## WORK REQUEST
From the line with "331 Holiday Loop Cleveland GA 30528" to the line with "2012 Hyundai Veloster", retype each line exactly as it stands in the records below, but skip the pictures.

## DATA FOR ANALYSIS
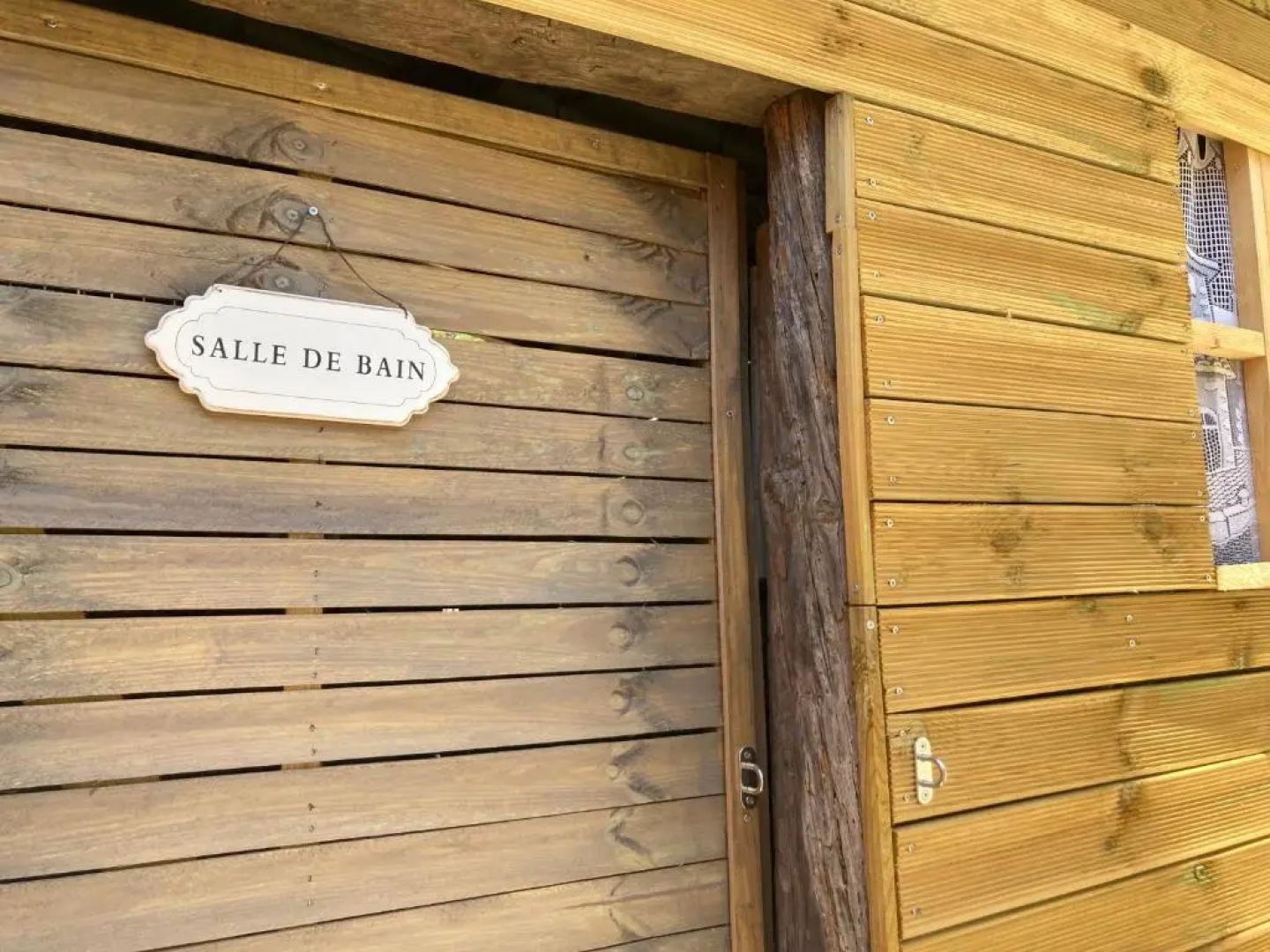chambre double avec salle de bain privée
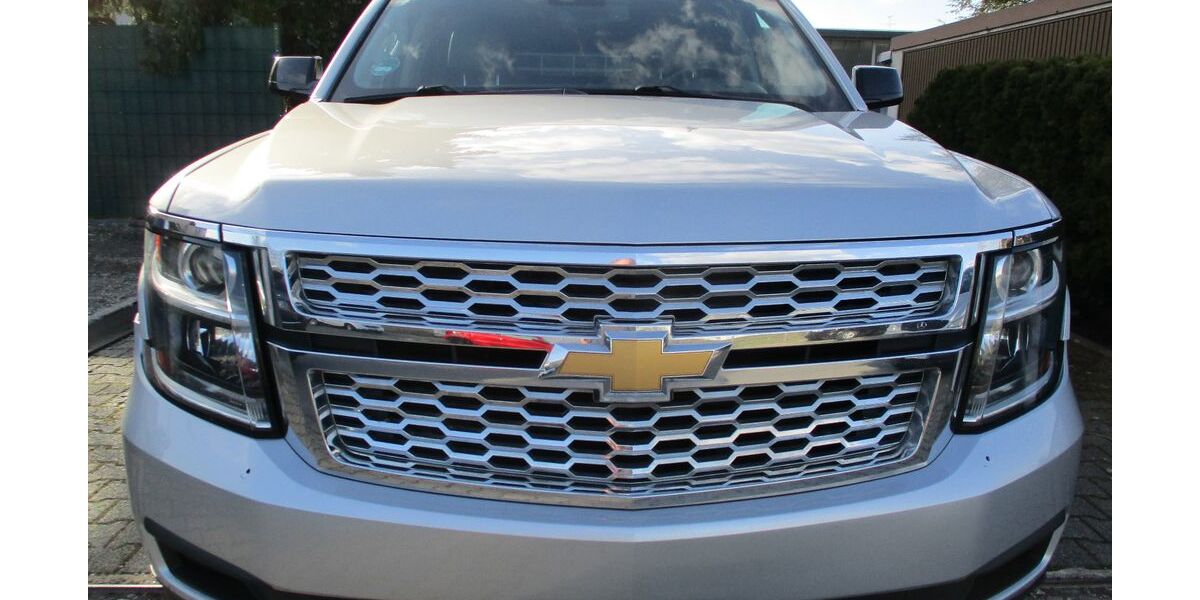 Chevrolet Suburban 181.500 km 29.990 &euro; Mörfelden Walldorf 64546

* * *

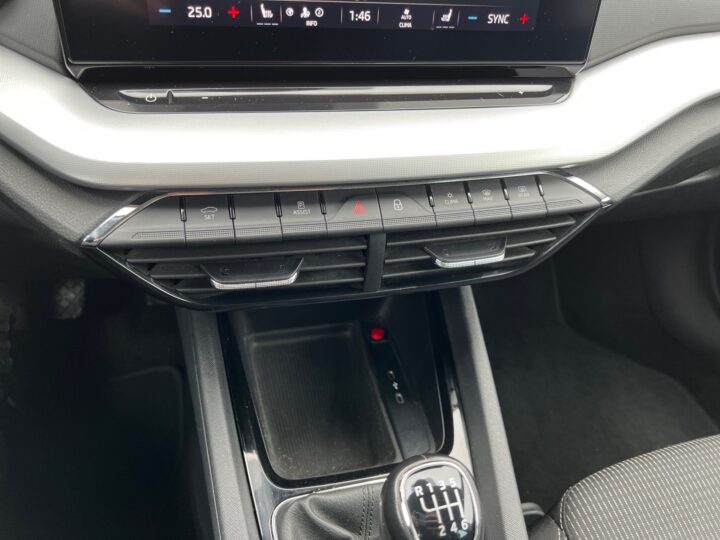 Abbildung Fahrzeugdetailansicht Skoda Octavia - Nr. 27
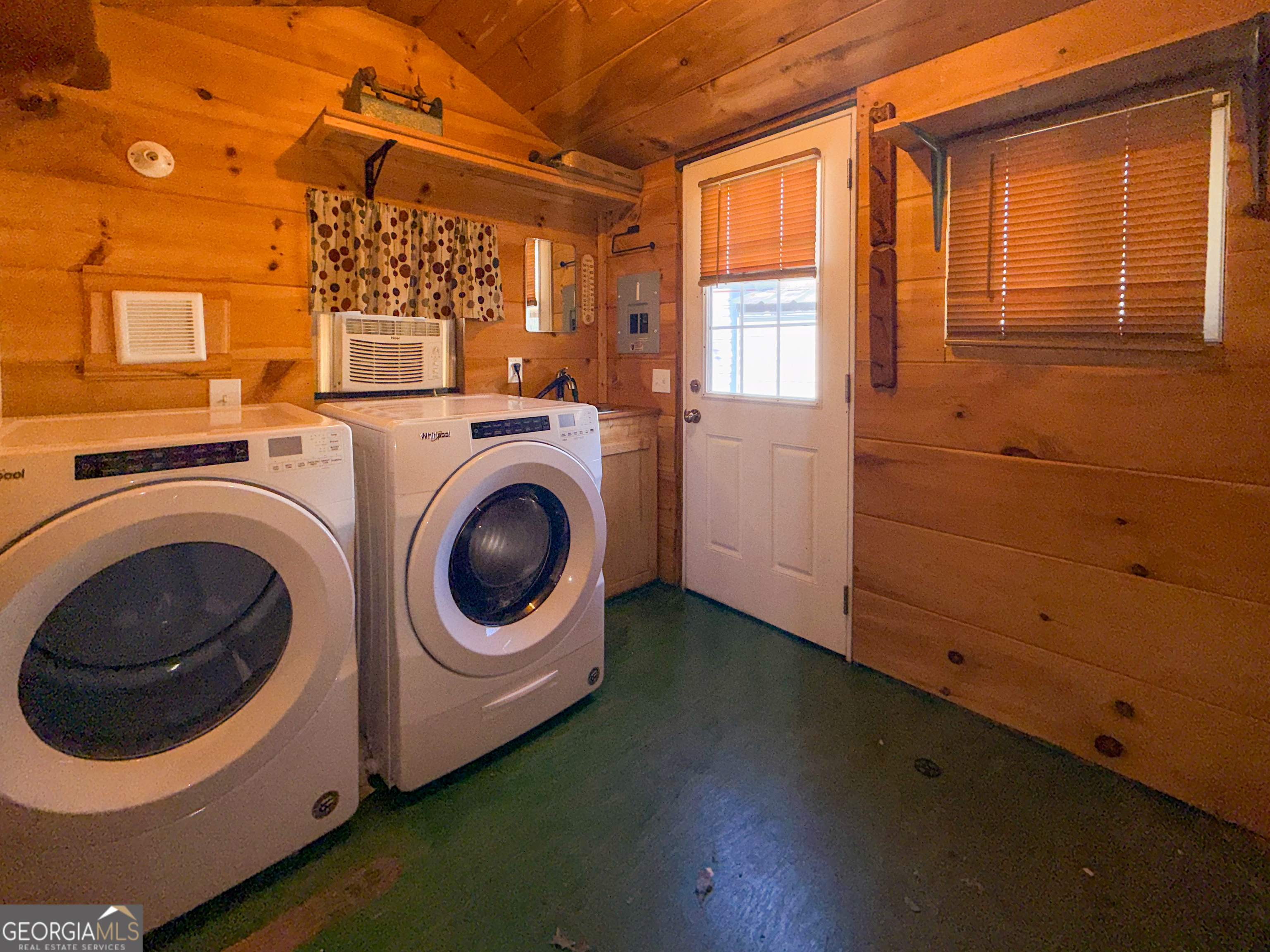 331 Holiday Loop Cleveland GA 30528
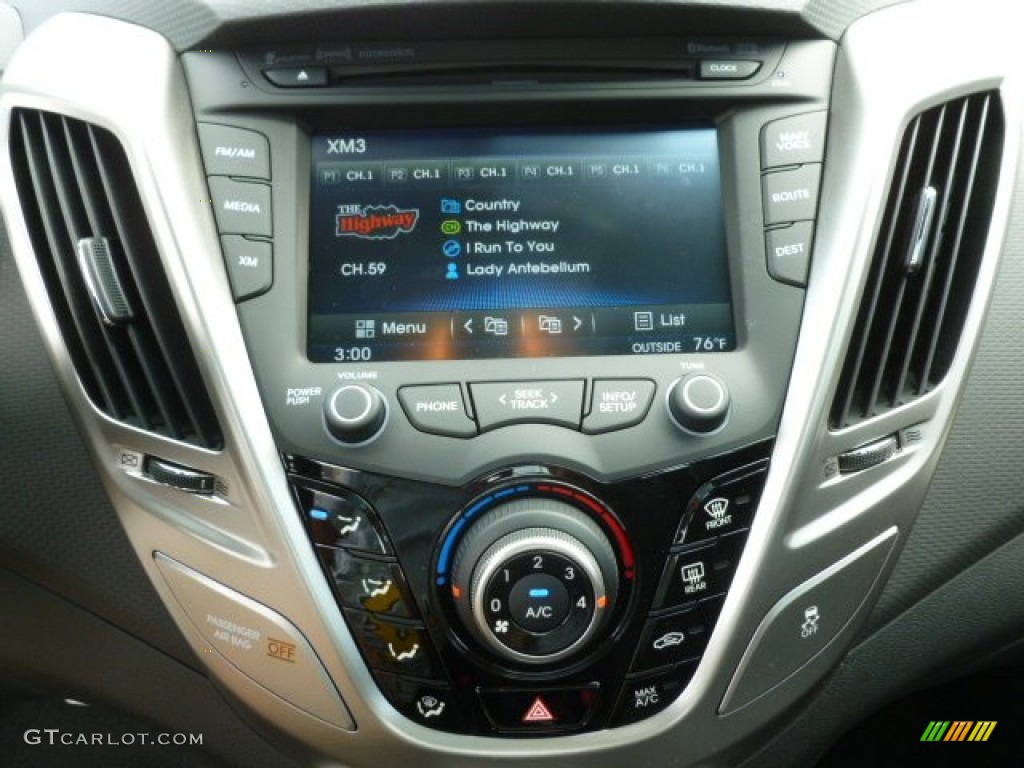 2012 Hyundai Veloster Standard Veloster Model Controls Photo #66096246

## TASK SOLUTION
 331 Holiday Loop Cleveland GA 30528
 2012 Hyundai Veloster Standard Veloster Model Controls Photo #66096246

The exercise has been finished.